The Lanister bank, part I
In this exercise, you will design a small bank, focusing on the problem of quickly searching for a customer by their name. This quick search problem is quite general: any web application, like Facebook, must be able to retrieve an account based on a login ID.
At a high level, the problem of storing a bank’s customers is quite similar to the problem of storing monsters in a monster army. Since the number of a bank’s customers is unknown and unbounded, you have seen so far that customers can be stored in a dynamic array or in a linked list. Neither of these two structures is suitable:
- A dynamic array is unsuitable because a bank has a large (unbounded) number of customers.
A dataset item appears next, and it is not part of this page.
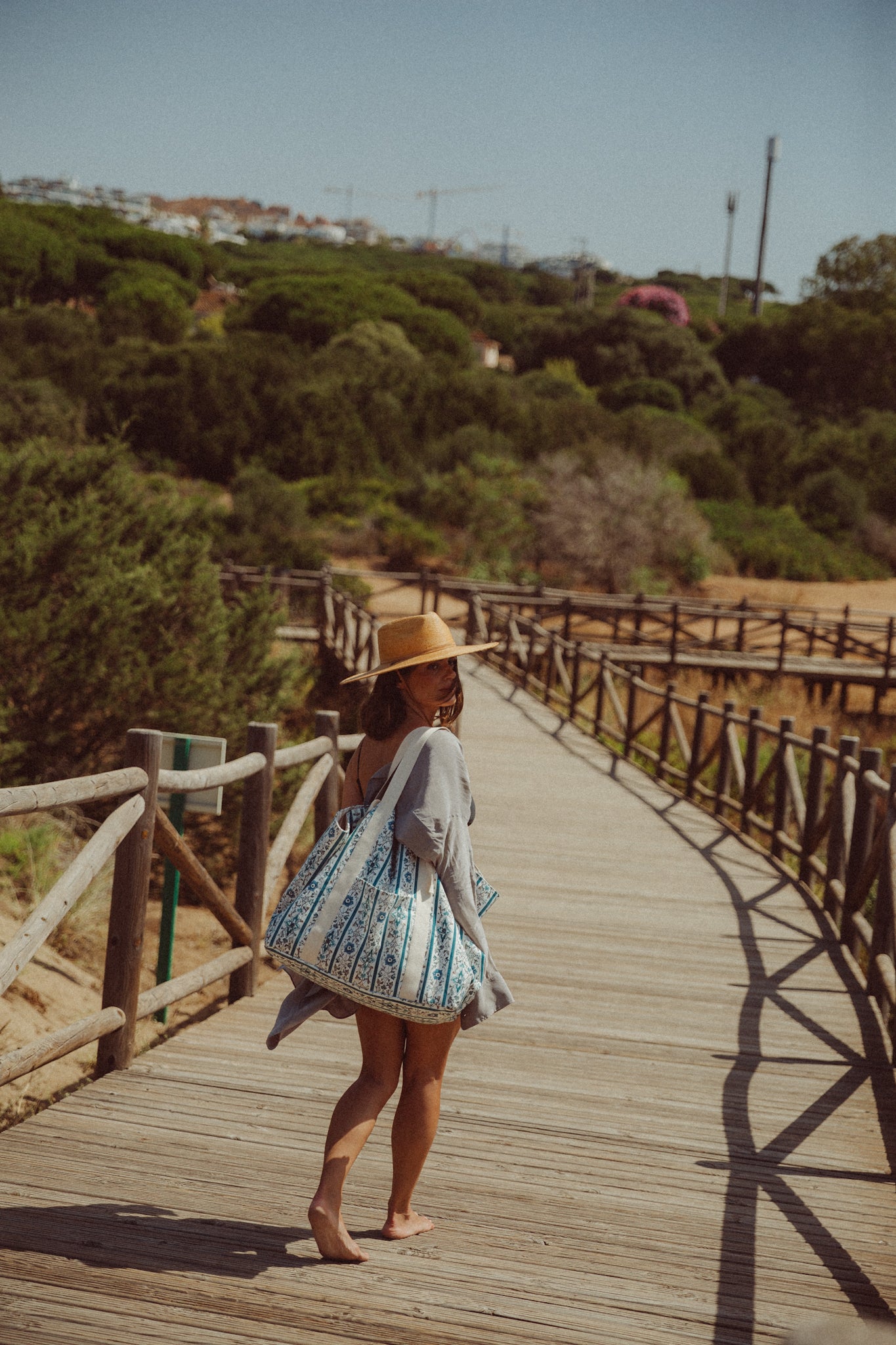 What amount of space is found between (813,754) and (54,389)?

If you used a dynamic array to store our customers, you would risk having to resize (and thus copy) an enormous array when adding a new customer, which would severely impact performance.
- A linked list is also unsuitable because this structure is particularly inefficient for searching. Indeed, with a linked list, the only way to reach the nth element in the list is to exhaustively traverse the previous n-1 nodes. If the linked list has N nodes, and if searches are evenly distributed across all customers, you would therefore need to traverse, on average, N/2 nodes to find a customer. If N is very large, this complexity seriously degrades performance.
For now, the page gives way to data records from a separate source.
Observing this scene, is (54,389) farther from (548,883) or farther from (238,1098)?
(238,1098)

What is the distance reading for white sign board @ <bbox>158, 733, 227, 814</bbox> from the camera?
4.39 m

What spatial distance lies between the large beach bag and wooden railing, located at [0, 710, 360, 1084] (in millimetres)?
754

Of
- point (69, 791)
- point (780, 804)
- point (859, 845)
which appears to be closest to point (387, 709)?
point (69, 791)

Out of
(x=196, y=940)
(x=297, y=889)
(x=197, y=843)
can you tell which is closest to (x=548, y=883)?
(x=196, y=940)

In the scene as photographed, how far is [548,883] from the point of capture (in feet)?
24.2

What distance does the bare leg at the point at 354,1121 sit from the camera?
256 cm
Since none of the data structures studied so far are suitable, we introduce binary search trees in this lab. This data structure has the advantage of handling an unbounded number of elements while being efficient for adding or searching for elements. The algorithm you will study in this exercise is (relatively) simple to implement but can lead to inefficiency issues that we present at the end of the exercise. To address these inefficiencies, there are red-black trees or 2-3-4 trees, and we encourage curious students and algorithm enthusiasts to explore them.
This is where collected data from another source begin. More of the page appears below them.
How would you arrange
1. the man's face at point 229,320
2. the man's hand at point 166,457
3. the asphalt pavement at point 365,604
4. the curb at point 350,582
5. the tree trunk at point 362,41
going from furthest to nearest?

In order to design a generic code, you will implement the binary search tree as a map. A map is a data structure that associates keys to values. For the bank, the key is a string that gives the name of a customer, and the value is the balance of the account. You will also implement the binary search tree in a generic way, which means that the data structure itself will not be tailored for the bank use case, but designed to associate any type of keys to any type of values. For that, you will rely on templates
Basic structures
In this exercise, we simply start by defining two central structures:
treemap_t represents a binary search tree. It associates keys to values.
pair_t represents an association between a key and a value.
In a file treemap.h, define a treemap_t structure. A treemap is defined as a template structure with two parameters: K gives the type of a key, and V gives the type of a value. For the moment, the treemap_t structure is empty (no fields, no constructors, not methods). Note that any element defined inside treemap_t is parameterized by K and V.
We will now define the pair_t structure. A pair associates a key with the template type K to a value with the template type V. We will define the pair_t structure as an nested class inside treemap_t. Thanks to that, pair_t is also parameterized by K and V without having to repeat template <class K, classV>. Your code will thus look like that:
pair_t has two fields: key with the type K and value with the type V.
In a file main.cpp, add a main function. Inside the main function, defines a variable pair that associates a std::string to a double, and initialize it to Tyrion for the key and 2.0 for the value. If your code is correct, the following code should output Tyrion: 2€:
The tree
Now that the basic structure of the code is correct, we can implement the binary search tree. A binary tree consists of nodes, and each node has two children: a left child and a right child.
For a binary search tree, each node is labeled with a value defined on a totally ordered set. In our case, this is the name of the owner of the bank account, and the order used is the lexicographical order based on the account names. The principle of a binary search tree is that the labels under the left child (included) of a node are all strictly smaller than the node’s label, and those under the right child (included) are all stictly larger.
The figure below illustrates the principle. If we take, for example, the node labeled with Jaime’s account, we can see that the nodes to the left are smaller and those to the right are larger.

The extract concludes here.